Molecular magnetic X-ray scattering with ultrashort X-ray free-electron lasers: from spin–orbit dynamics to Berry phase detection

Abstract

The emergence of X-ray free-electron lasers (XFELs) with attosecond capabilities has opened unprecedented opportunities for probing ultrafast spin dynamics in molecules. Magnetic X-ray scattering (MXS), while well-established in condensed matter physics, remains nascent for isolated molecules. Here we review the theoretical framework and computational methodology for molecular MXS on femtosecond and attosecond timescales. Using circular dichroism to separate spin-dependent contributions from dominant charge scattering, MXS enables direct probing of spin-dependent dynamics during ultrafast processes.

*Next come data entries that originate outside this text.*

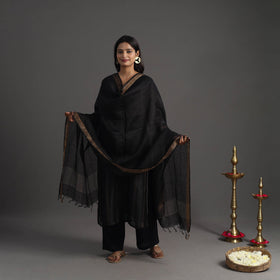 Buy Black Elegant Linen Silk Handloom Plain Kurta Set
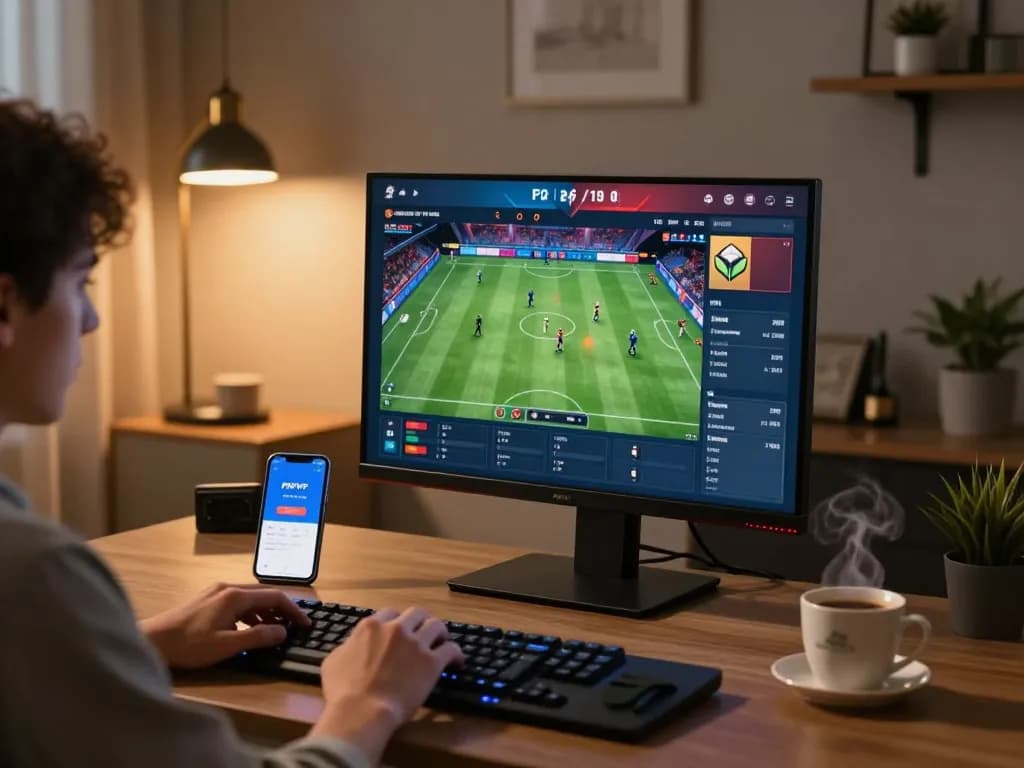 Engaging with PHPVIP online betting app in a modern home setup, placing bets on sports events.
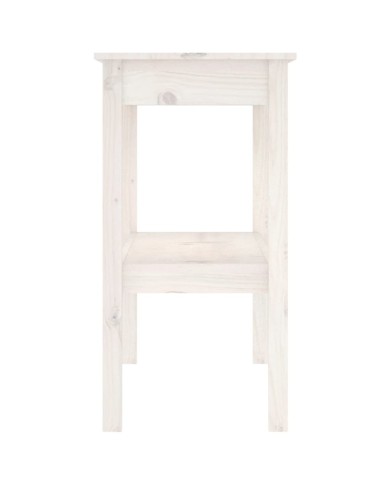 Table console Blanc 110x40x75 cm Bois de pin solide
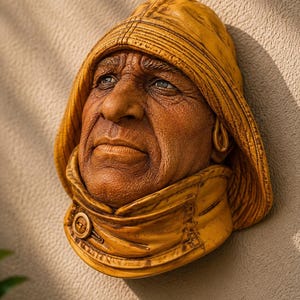 May include: A wall-mounted sculpture depicting the head and shoulders of a weathered individual wearing a yellow hooded rain slicker. The figure has deep facial lines, a prominent nose, and blue eyes, with a button visible on the collar.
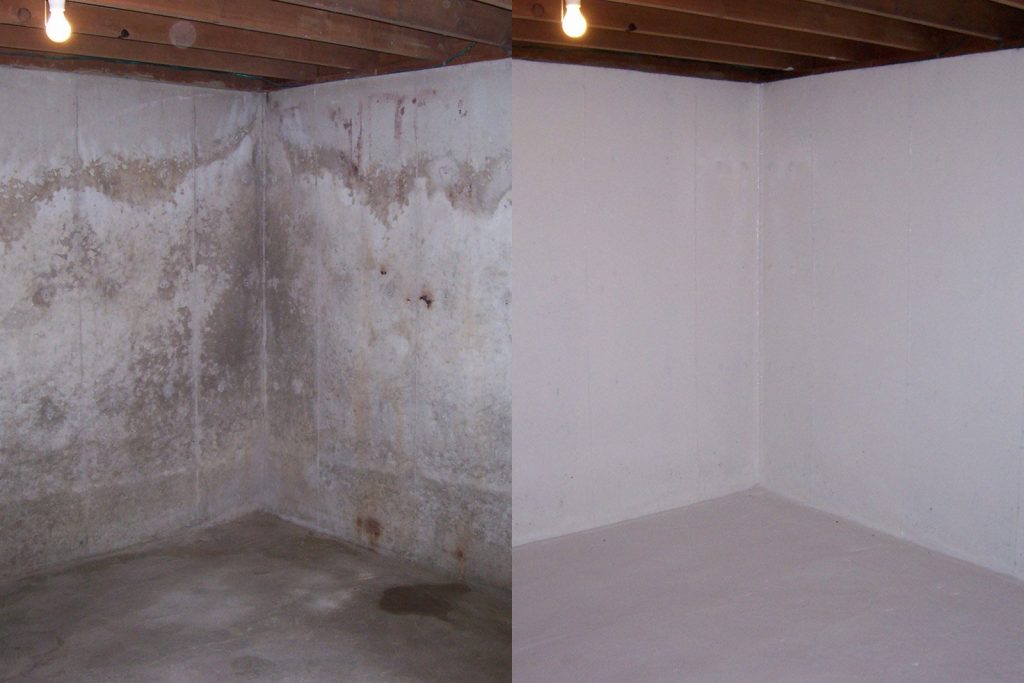 before and after application of DRYLOK® for crawlspace waterproofing
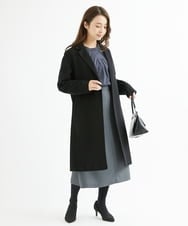 F1HAV42130 MK MICHEL KLEIN(小さいサイズ)(メゾン ドゥ サンク) 【小さいサイズ】台形シルエットスカート/洗える ブルーグレー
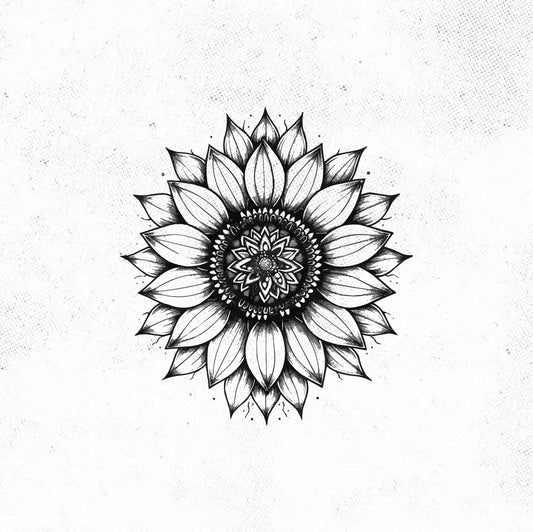 Mandala Sunflower Tattoo Idea Desgin Digital Artwork Vector File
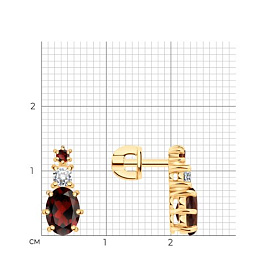 Серьги SOKOLOV - Серебро 925, Гранат, Фианит (арт. 92025327)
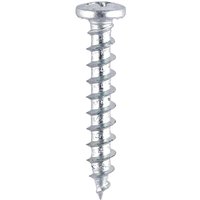 Silver Timco PVC window screw with shallow pan head and sharp threaded body.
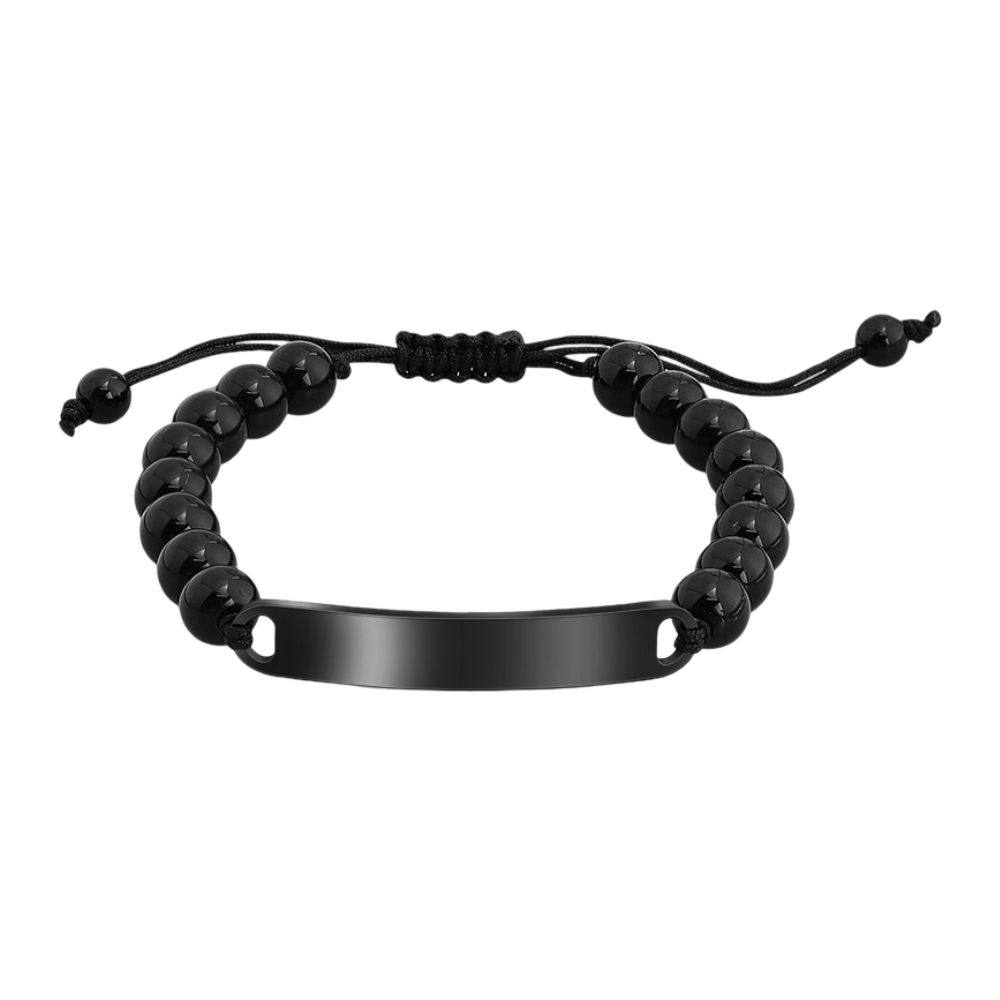 Bracelet homme perles rondes en obsidienne noire avec cordon ajustable et plaque personnalisable en acier inoxydable noir.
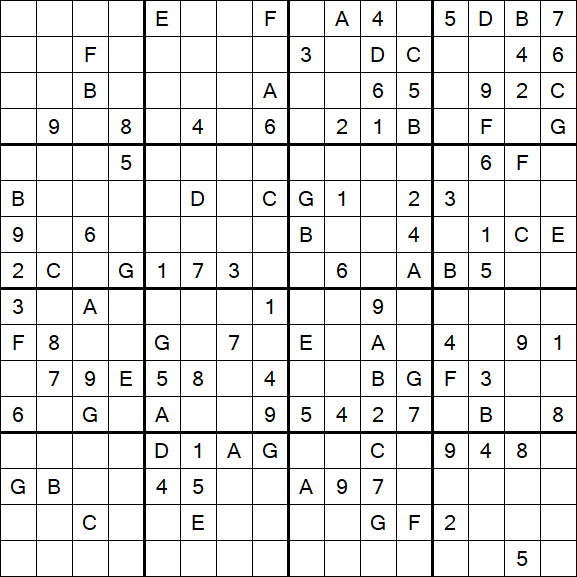 Sudoku 16x16 - Hard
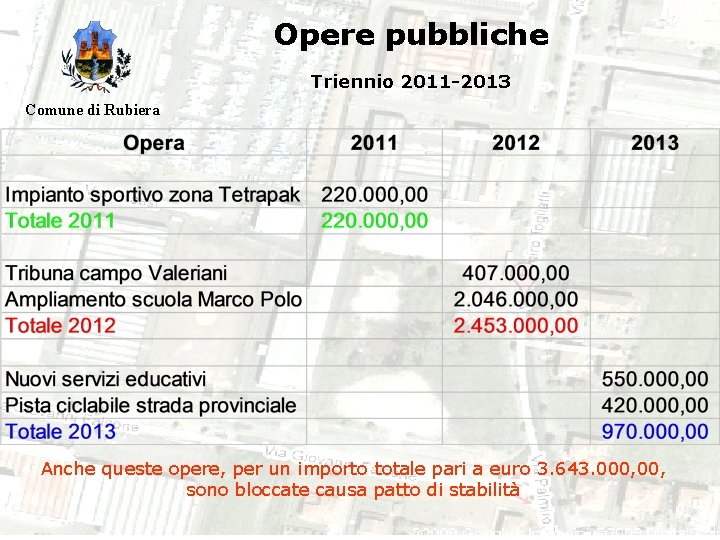 Opere pubbliche Triennio 2011 -2013 Comune di Rubiera Anche queste opere, per un importo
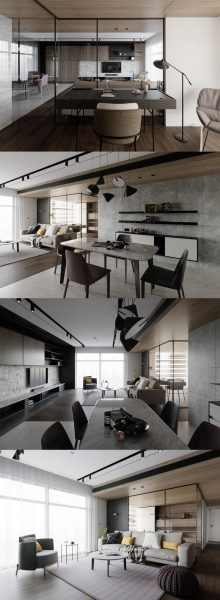 带餐厅的公寓客厅设计客厅场景3D模型（MAX）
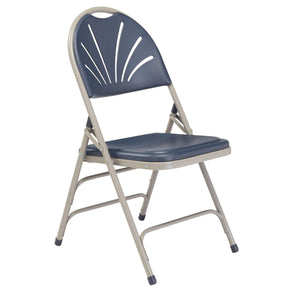 Deluxe Fan Back Double Hinge Folding Chair With Triple Brace (Carton of 4)-Chairs-Dark Blue Plastic/Grey Frame-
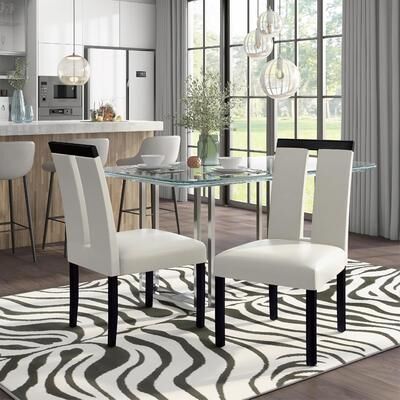 Esofastore Contemporary White Finish Slit Back Padded Side Chairs Set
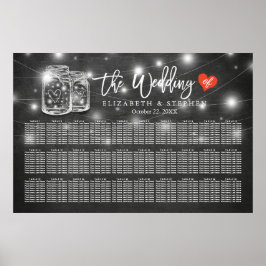 30+ Tables Wedding Seating Chart Mason Jar Lights Poster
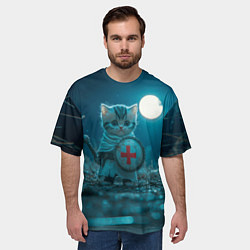 Футболка оверсайз мужская Котенок выходит на тропу войны, цвет: 3D-принт — фото 2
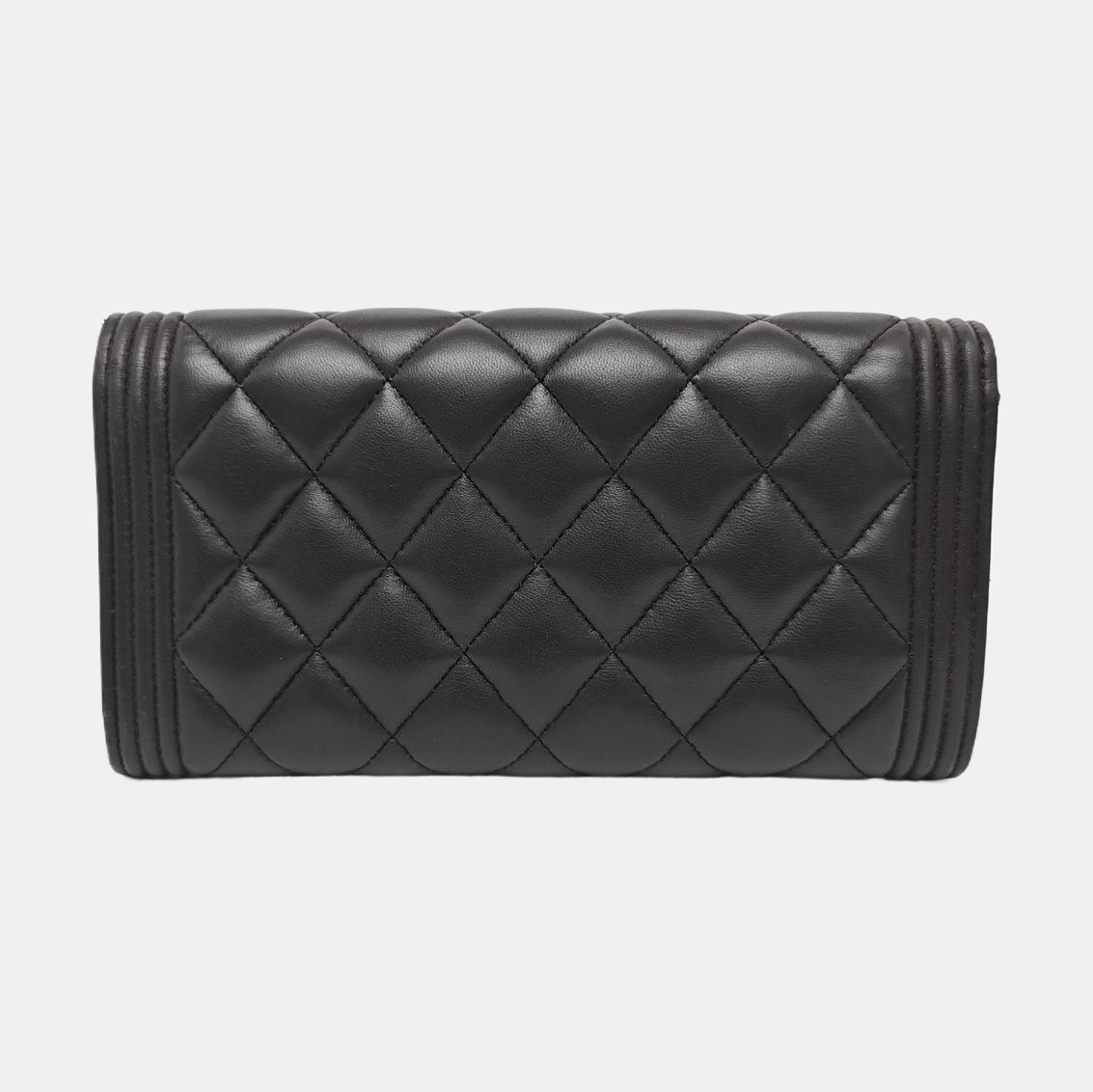 BOY CHANEL Mini Quilted Lambskin Gray Wallet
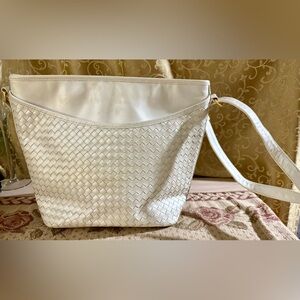 Vintage NWOT Ganson Leather Cream Woven Snap Crossbody Handbag Boho Flaw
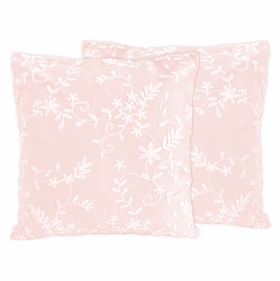 Lace Pink Collection Decorative Accent Throw Pillows - Set of 2
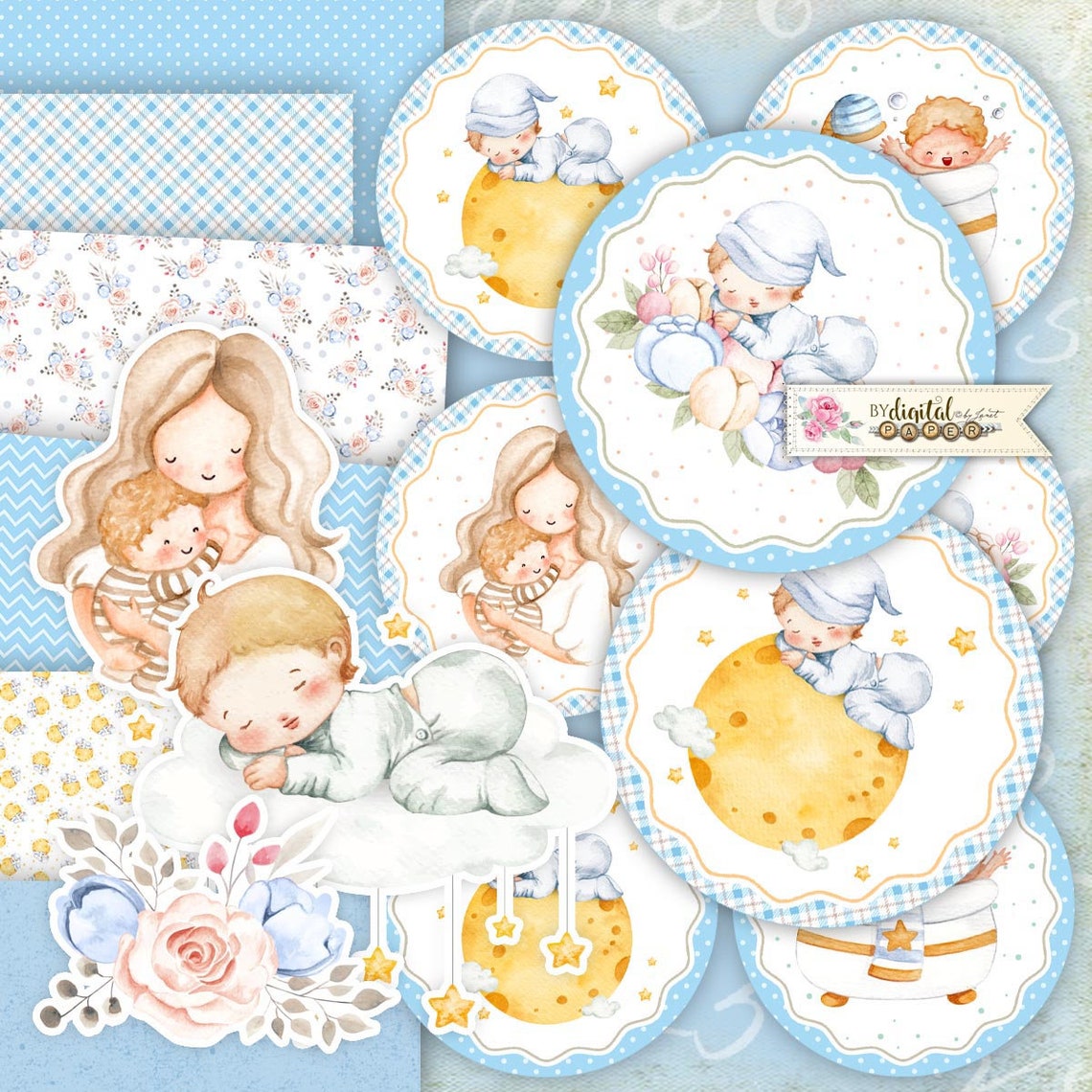 Cute BOY  Zestawy do scrapbookingu do druku  Naklejki  zdjęcie 1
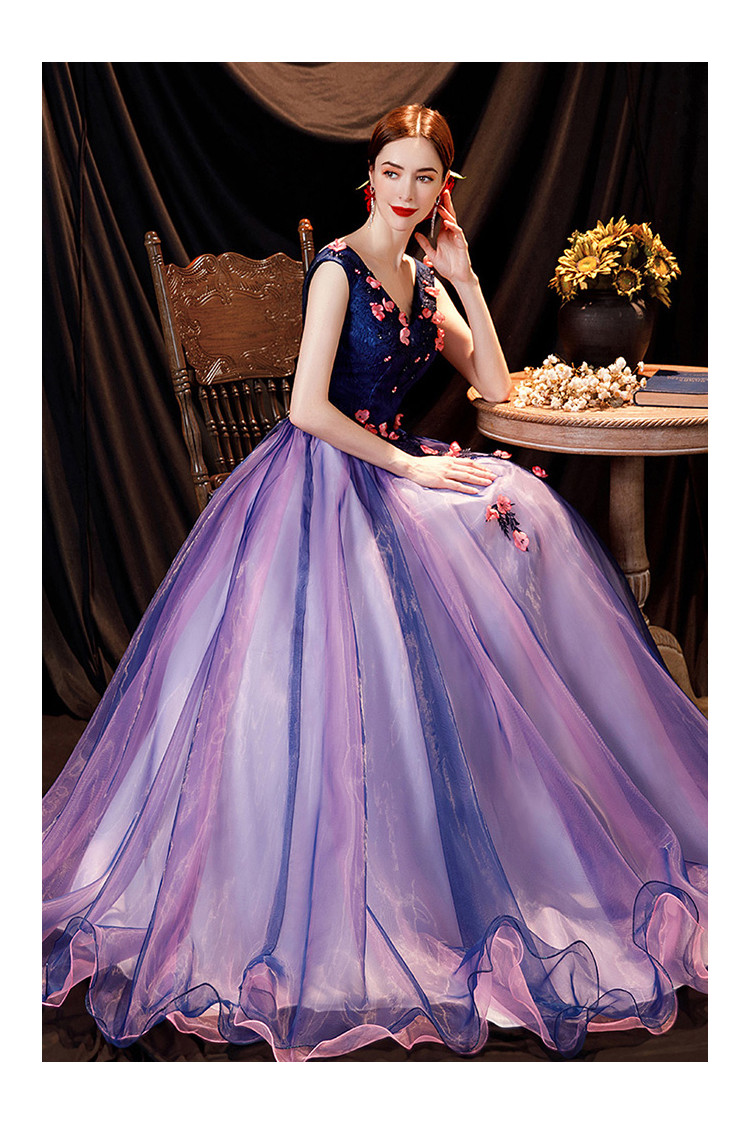 Deep V Neck Purple Tulle Long Prom Dress, Long Lavender Formal Evening –  abcprom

We demonstrate these capabilities through three paradigmatic examples: femtosecond spin–orbit beating in NO molecules, sub-femtosecond singlet–triplet oscillations in core-excited TiCl₄, and Berry phase detection during CH₂OH photodissociation. We connect this molecular framework to established condensed-matter magnetic X-ray techniques and compare with the recent proposal of time-resolved XMCD for molecular photodynamics. Together, these theoretical and computational developments position molecular MXS as a powerful tool for understanding spin-resolved electron dynamics inaccessible by other ultrafast techniques.